**What you will do:**
Take the line containing "φυσικό χρώμα 52x59x79" and every line after it to the end of the records, and copy them exactly, leaving out pictures.
** Records supplied follows **
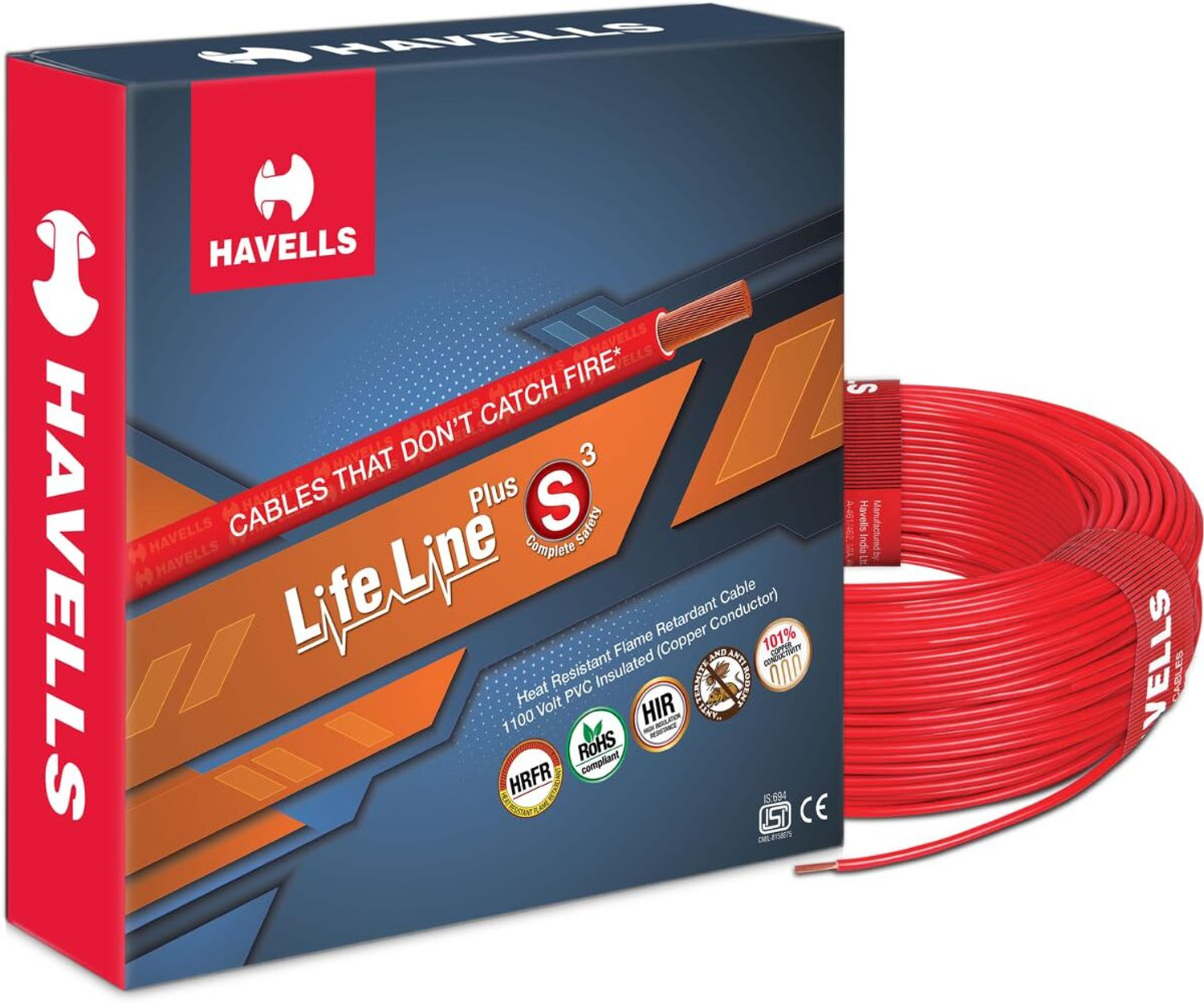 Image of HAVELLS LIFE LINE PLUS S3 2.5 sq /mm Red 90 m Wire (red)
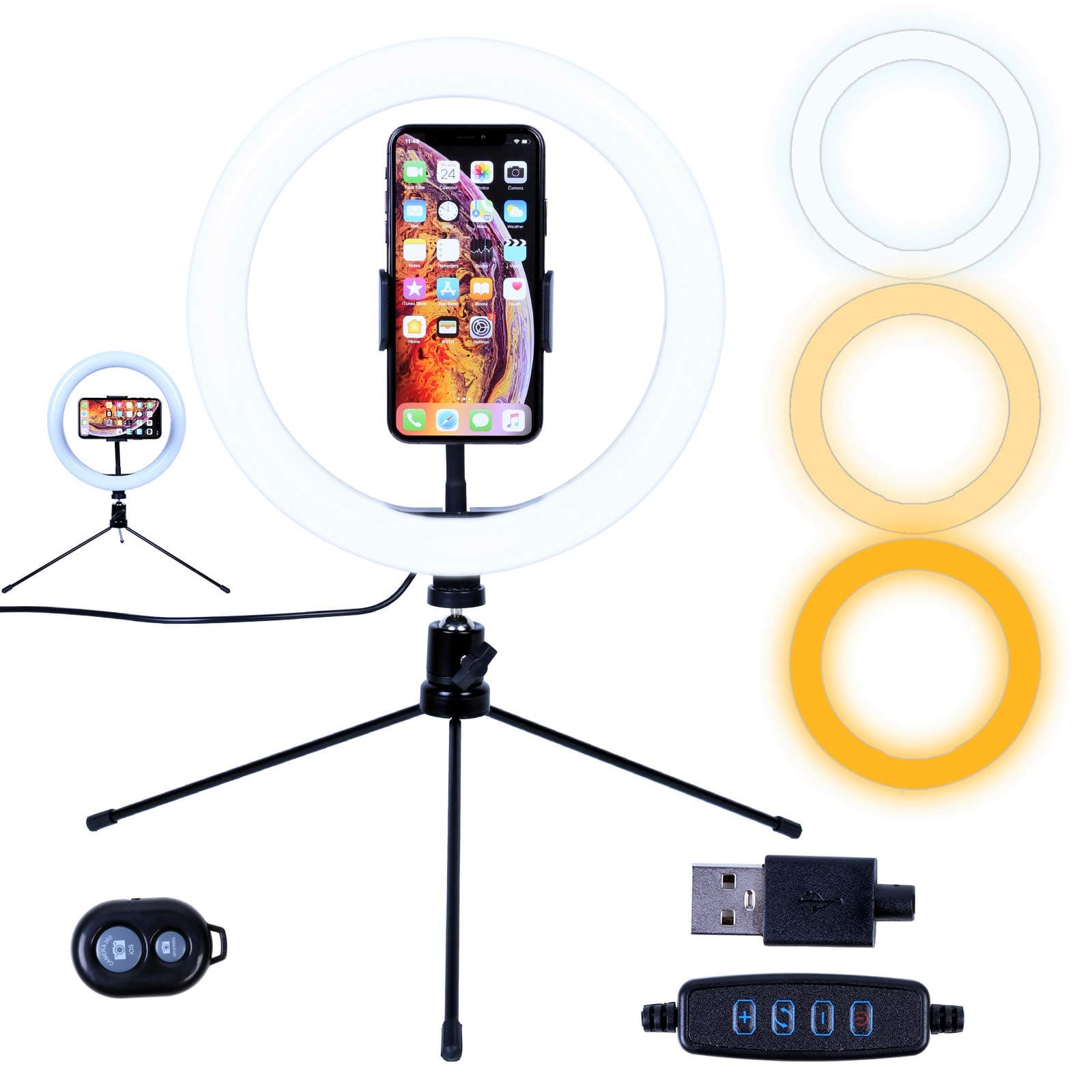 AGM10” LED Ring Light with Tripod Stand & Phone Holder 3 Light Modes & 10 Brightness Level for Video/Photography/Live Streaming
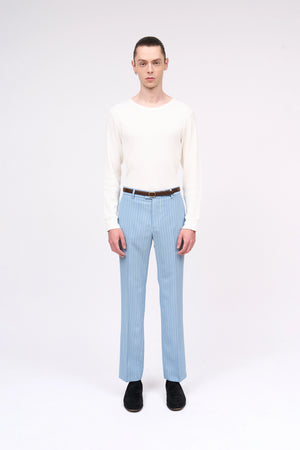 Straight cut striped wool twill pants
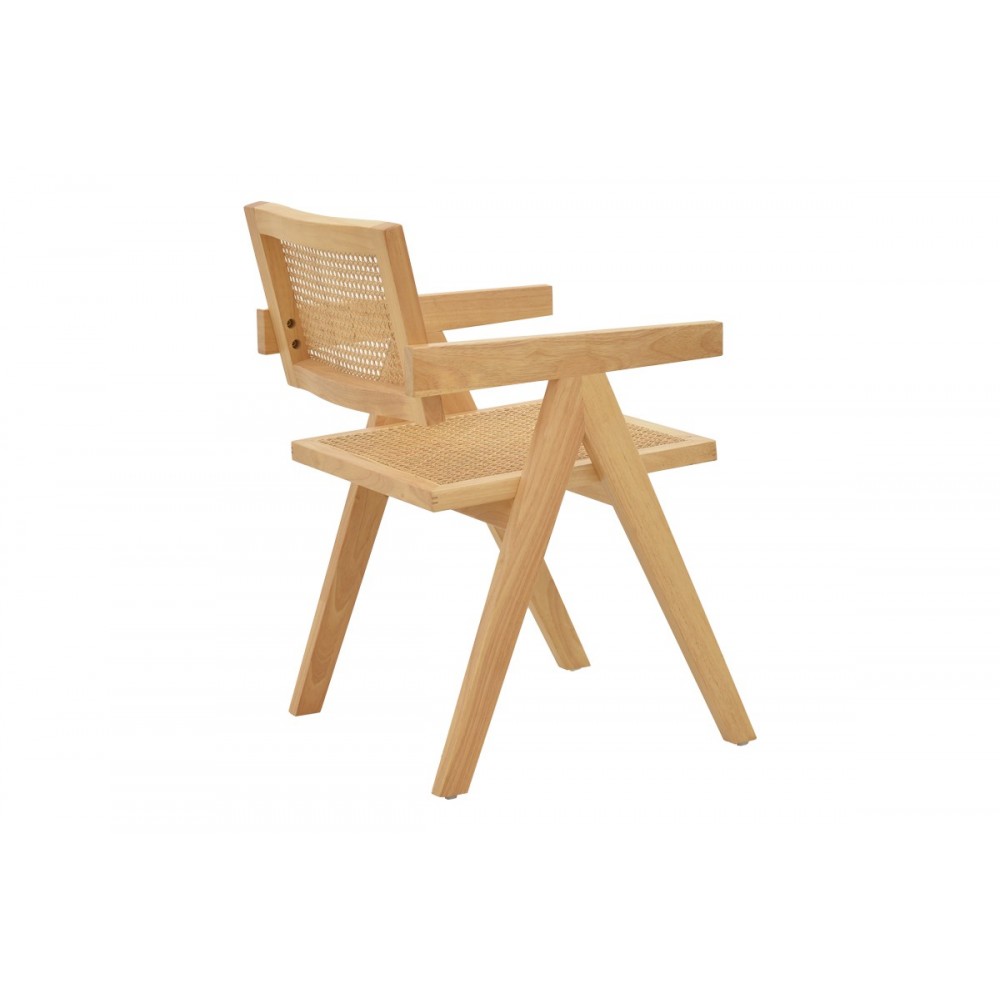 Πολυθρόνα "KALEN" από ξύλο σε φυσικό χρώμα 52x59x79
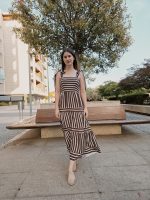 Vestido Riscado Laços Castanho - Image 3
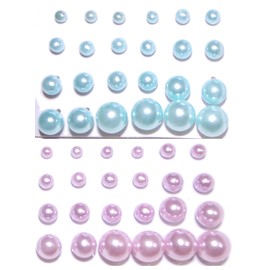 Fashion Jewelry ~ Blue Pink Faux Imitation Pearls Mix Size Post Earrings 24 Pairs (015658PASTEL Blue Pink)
** End of Records supplied **
**Exercise solution:**
 Πολυθρόνα "KALEN" από ξύλο σε φυσικό χρώμα 52x59x79
 Vestido Riscado Laços Castanho - Image 3
 Fashion Jewelry ~ Blue Pink Faux Imitation Pearls Mix Size Post Earrings 24 Pairs (015658PASTEL Blue Pink)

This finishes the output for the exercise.